**AIM OF THE TASK:** What's wanted is a faithful retyping of every entry, pictures excluded.

**DATA:**
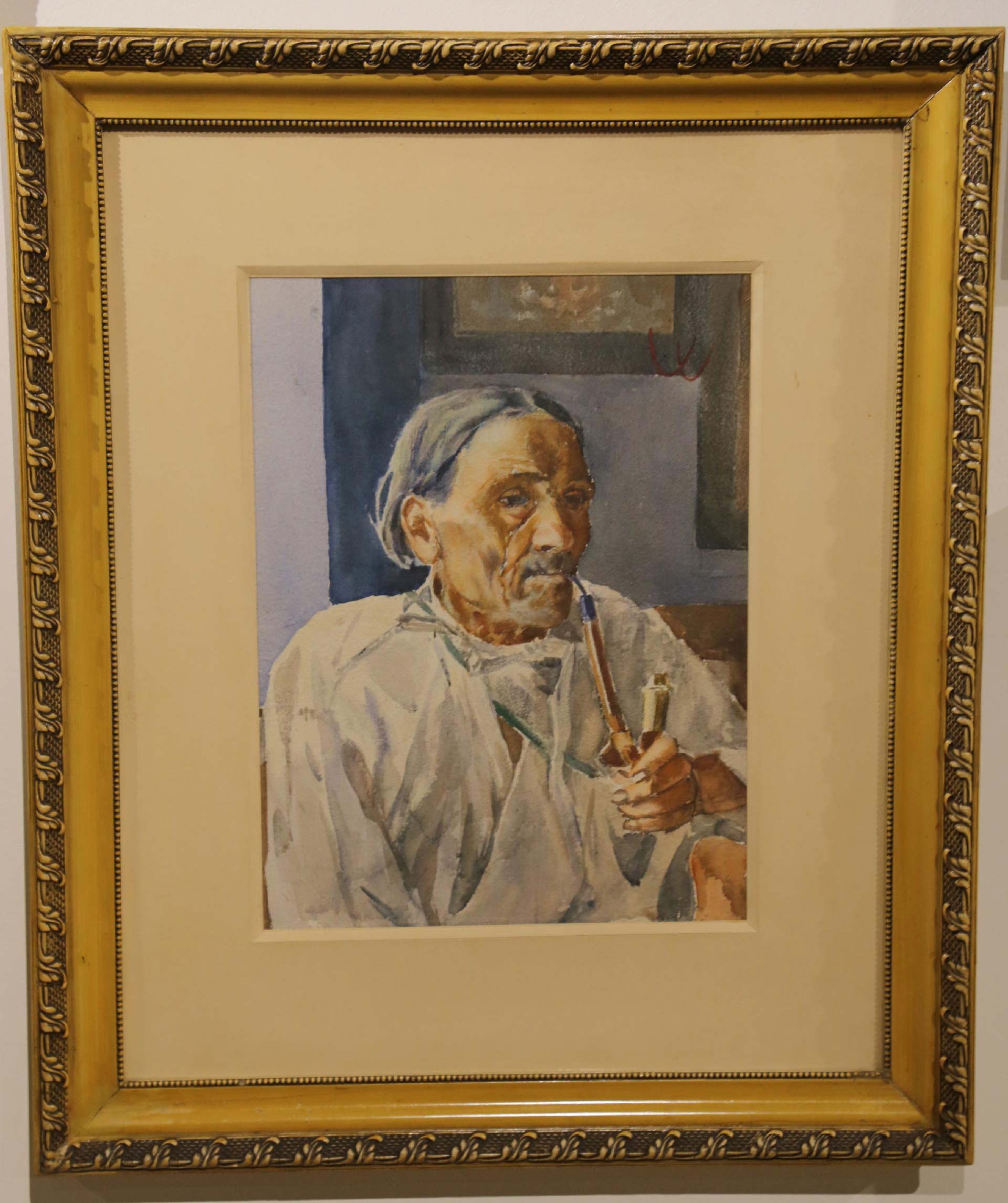 painting of someone smoking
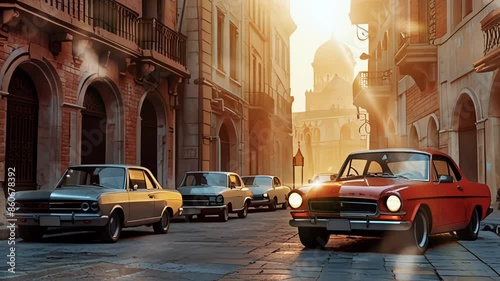 Wallpaper Mural View of the old city with classic cars, in a smooth looping background with 4K video animation. Torontodigital.ca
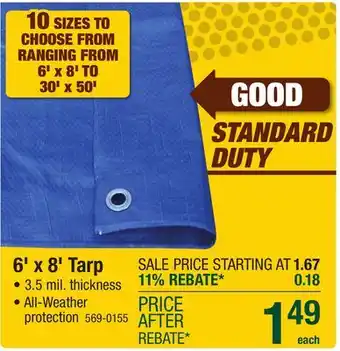 Menards 6' x 8' TARP offer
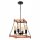 Pendelleuchte Rustikal B: 37 cm 4-flammig E27 Holz Metall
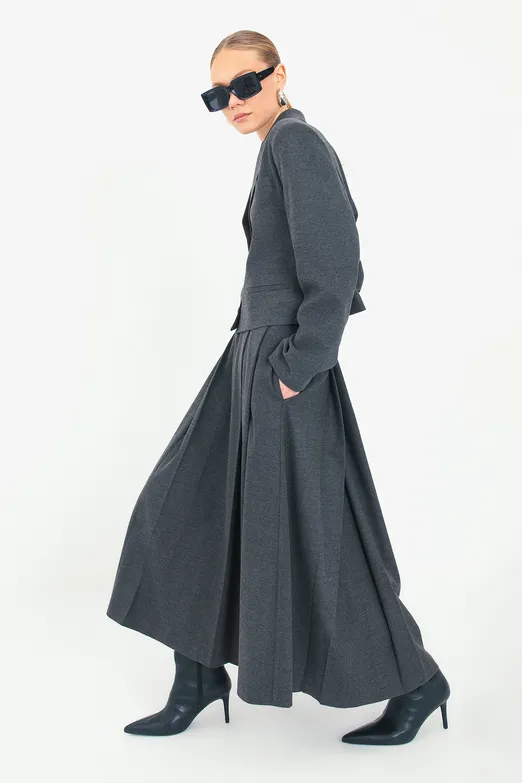 Bayan Gri Oversize Crop Blazer Ceket - BSL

**SOLUTION TO THIS PROBLEM:**
 painting of someone smoking
 Wallpaper Mural View of the old city with classic cars, in a smooth looping background with 4K video animation. Torontodigital.ca
 Menards 6' x 8' TARP offer
 Pendelleuchte Rustikal B: 37 cm 4-flammig E27 Holz Metall
 Bayan Gri Oversize Crop Blazer Ceket - BSL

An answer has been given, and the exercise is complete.